*DATASET ENTRIES:*
[Start of Attachment]

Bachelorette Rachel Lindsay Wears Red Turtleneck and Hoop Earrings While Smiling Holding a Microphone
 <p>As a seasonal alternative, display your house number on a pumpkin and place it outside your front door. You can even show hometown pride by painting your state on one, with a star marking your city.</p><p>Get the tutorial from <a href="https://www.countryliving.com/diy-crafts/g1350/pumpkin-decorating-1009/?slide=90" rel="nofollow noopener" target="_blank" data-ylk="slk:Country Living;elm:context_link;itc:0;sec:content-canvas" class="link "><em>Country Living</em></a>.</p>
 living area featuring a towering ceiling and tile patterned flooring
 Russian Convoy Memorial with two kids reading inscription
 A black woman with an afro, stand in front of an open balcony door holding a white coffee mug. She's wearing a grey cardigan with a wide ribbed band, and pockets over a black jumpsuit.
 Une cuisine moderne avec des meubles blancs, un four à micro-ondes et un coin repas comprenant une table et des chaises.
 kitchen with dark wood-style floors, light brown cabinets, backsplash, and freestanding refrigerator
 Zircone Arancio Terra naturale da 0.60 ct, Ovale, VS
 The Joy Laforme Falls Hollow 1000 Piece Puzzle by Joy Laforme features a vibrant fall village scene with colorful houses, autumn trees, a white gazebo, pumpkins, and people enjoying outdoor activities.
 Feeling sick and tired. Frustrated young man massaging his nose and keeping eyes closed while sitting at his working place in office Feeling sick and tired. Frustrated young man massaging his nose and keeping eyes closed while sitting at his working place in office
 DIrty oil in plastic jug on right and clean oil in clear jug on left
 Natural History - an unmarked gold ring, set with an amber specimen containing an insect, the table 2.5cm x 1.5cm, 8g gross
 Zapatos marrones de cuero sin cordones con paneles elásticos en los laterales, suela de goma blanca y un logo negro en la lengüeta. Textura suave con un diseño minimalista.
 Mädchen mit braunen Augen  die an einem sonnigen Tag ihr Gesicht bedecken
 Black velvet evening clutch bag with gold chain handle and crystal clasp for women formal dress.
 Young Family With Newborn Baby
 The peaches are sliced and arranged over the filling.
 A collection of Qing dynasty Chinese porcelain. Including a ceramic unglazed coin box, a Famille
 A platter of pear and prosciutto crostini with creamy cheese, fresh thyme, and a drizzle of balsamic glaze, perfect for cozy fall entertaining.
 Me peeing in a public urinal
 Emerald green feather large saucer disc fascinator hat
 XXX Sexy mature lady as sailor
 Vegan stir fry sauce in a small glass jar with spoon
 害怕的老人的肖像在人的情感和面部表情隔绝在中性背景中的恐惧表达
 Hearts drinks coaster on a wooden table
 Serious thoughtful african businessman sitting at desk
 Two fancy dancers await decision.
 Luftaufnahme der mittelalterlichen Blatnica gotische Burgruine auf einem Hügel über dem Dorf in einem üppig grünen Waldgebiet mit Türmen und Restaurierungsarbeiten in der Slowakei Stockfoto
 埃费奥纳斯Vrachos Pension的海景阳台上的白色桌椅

[End of Attachment]

Please output the listing above exactly, every line included.

Bachelorette Rachel Lindsay Wears Red Turtleneck and Hoop Earrings While Smiling Holding a Microphone
 <p>As a seasonal alternative, display your house number on a pumpkin and place it outside your front door. You can even show hometown pride by painting your state on one, with a star marking your city.</p><p>Get the tutorial from <a href="https://www.countryliving.com/diy-crafts/g1350/pumpkin-decorating-1009/?slide=90" rel="nofollow noopener" target="_blank" data-ylk="slk:Country Living;elm:context_link;itc:0;sec:content-canvas" class="link "><em>Country Living</em></a>.</p>
 living area featuring a towering ceiling and tile patterned flooring
 Russian Convoy Memorial with two kids reading inscription
 A black woman with an afro, stand in front of an open balcony door holding a white coffee mug. She's wearing a grey cardigan with a wide ribbed band, and pockets over a black jumpsuit.
 Une cuisine moderne avec des meubles blancs, un four à micro-ondes et un coin repas comprenant une table et des chaises.
 kitchen with dark wood-style floors, light brown cabinets, backsplash, and freestanding refrigerator
 Zircone Arancio Terra naturale da 0.60 ct, Ovale, VS
 The Joy Laforme Falls Hollow 1000 Piece Puzzle by Joy Laforme features a vibrant fall village scene with colorful houses, autumn trees, a white gazebo, pumpkins, and people enjoying outdoor activities.
 Feeling sick and tired. Frustrated young man massaging his nose and keeping eyes closed while sitting at his working place in office Feeling sick and tired. Frustrated young man massaging his nose and keeping eyes closed while sitting at his working place in office
 DIrty oil in plastic jug on right and clean oil in clear jug on left
 Natural History - an unmarked gold ring, set with an amber specimen containing an insect, the table 2.5cm x 1.5cm, 8g gross
 Zapatos marrones de cuero sin cordones con paneles elásticos en los laterales, suela de goma blanca y un logo negro en la lengüeta. Textura suave con un diseño minimalista.
 Mädchen mit braunen Augen  die an einem sonnigen Tag ihr Gesicht bedecken
 Black velvet evening clutch bag with gold chain handle and crystal clasp for women formal dress.
 Young Family With Newborn Baby
 The peaches are sliced and arranged over the filling.
 A collection of Qing dynasty Chinese porcelain. Including a ceramic unglazed coin box, a Famille
 A platter of pear and prosciutto crostini with creamy cheese, fresh thyme, and a drizzle of balsamic glaze, perfect for cozy fall entertaining.
 Me peeing in a public urinal
 Emerald green feather large saucer disc fascinator hat
 XXX Sexy mature lady as sailor
 Vegan stir fry sauce in a small glass jar with spoon
 害怕的老人的肖像在人的情感和面部表情隔绝在中性背景中的恐惧表达
 Hearts drinks coaster on a wooden table
 Serious thoughtful african businessman sitting at desk
 Two fancy dancers await decision.
 Luftaufnahme der mittelalterlichen Blatnica gotische Burgruine auf einem Hügel über dem Dorf in einem üppig grünen Waldgebiet mit Türmen und Restaurierungsarbeiten in der Slowakei Stockfoto
 埃费奥纳斯Vrachos Pension的海景阳台上的白色桌椅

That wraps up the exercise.